Number one, there's going to be new types of things that are going to show up, and nobody has any great experience in terms of how it winds up working today. And that could stem from remote working, or some of these other things that people are doing. Number two, I think there is some worry or concern that there will be claims that will open up that really are maybe filed for economic reasons, versus somebody who wouldn't file that sort of claim in a normal condition, and so there's a variety of things that are showing up that our customers are concerned about that.

But the overarching thing that it's done for us, frankly, is really allowed us to highlight the fact that the sort of solution we have, which brings in data from over 20 carriers at this point, and the number grows every couple of months here, it's best illustrated in how the COVID response has rippled through. Any individual adjuster in any carrier may have one or two cases of COVID show up at any given time. Let's say they're working 100 claims, or 200 claims or whatever winds up being. Even if you go across the entire adjuster base of the carrier, maybe they're seeing a couple of hundred COVID claims show up at any given time. Well, if you have a couple of hundred claims, that's probably not enough data to really help you do any of the predictive sort of things that we talked about earlier. It certainly isn't going to tell you which doctor's going to wind up being better at it. It's certainly not going to tell you how the lawyers are going to respond. And severity and other claim indicators, you're just not going to get a handle on.

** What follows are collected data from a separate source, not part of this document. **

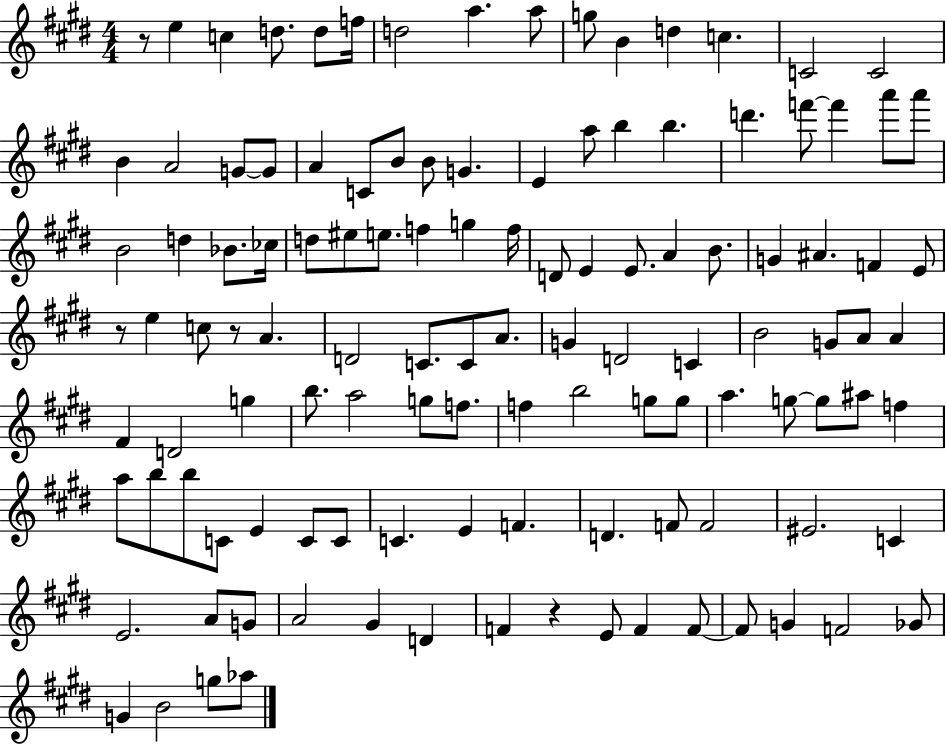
{
  \clef treble
  \numericTimeSignature
  \time 4/4
  \key e \major
  \repeat volta 2 { r8 e''4 c''4 d''8. d''8 f''16 | d''2 a''4. a''8 | g''8 b'4 d''4 c''4. | c'2 c'2 | \break b'4 a'2 g'8~~ g'8 | a'4 c'8 b'8 b'8 g'4. | e'4 a''8 b''4 b''4. | d'''4. f'''8~~ f'''4 a'''8 a'''8 | \break b'2 d''4 bes'8. ces''16 | d''8 eis''8 e''8. f''4 g''4 f''16 | d'8 e'4 e'8. a'4 b'8. | g'4 ais'4. f'4 e'8 | \break r8 e''4 c''8 r8 a'4. | d'2 c'8. c'8 a'8. | g'4 d'2 c'4 | b'2 g'8 a'8 a'4 | \break fis'4 d'2 g''4 | b''8. a''2 g''8 f''8. | f''4 b''2 g''8 g''8 | a''4. g''8~~ g''8 ais''8 f''4 | \break a''8 b''8 b''8 c'8 e'4 c'8 c'8 | c'4. e'4 f'4. | d'4. f'8 f'2 | eis'2. c'4 | \break e'2. a'8 g'8 | a'2 gis'4 d'4 | f'4 r4 e'8 f'4 f'8~~ | f'8 g'4 f'2 ges'8 | \break g'4 b'2 g''8 aes''8 | } \bar "|."
}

But if you aggregate that across 20 carriers, now you're in the thousands, if not tens of thousands, of claims. And if you're at tens of thousands of claims, you have a pretty good sense for the sort of phenomenon you're going to see. You're going to have a better sense for treatment patterns that you need to undergo and all that sort of stuff. So what COVID has really done for us is really pointed out the need for this sort of industry-wide type of solution, and the value of speed to understanding complex phenomenon and how they interact with the claims process and how you can get it closed. So that's probably the best description I can give you for what COVID has meant for us.

Laura Drabik   Gary, thank you very much for your time today and for your incredible insight into the positive impact that AI will have on commercial claims processing. You've showed us it's not just about ideas. It's about making ideas happen.

Gary Hagmueller   Cool. Thank you so much, Laura, for hosting me today. Really appreciate it.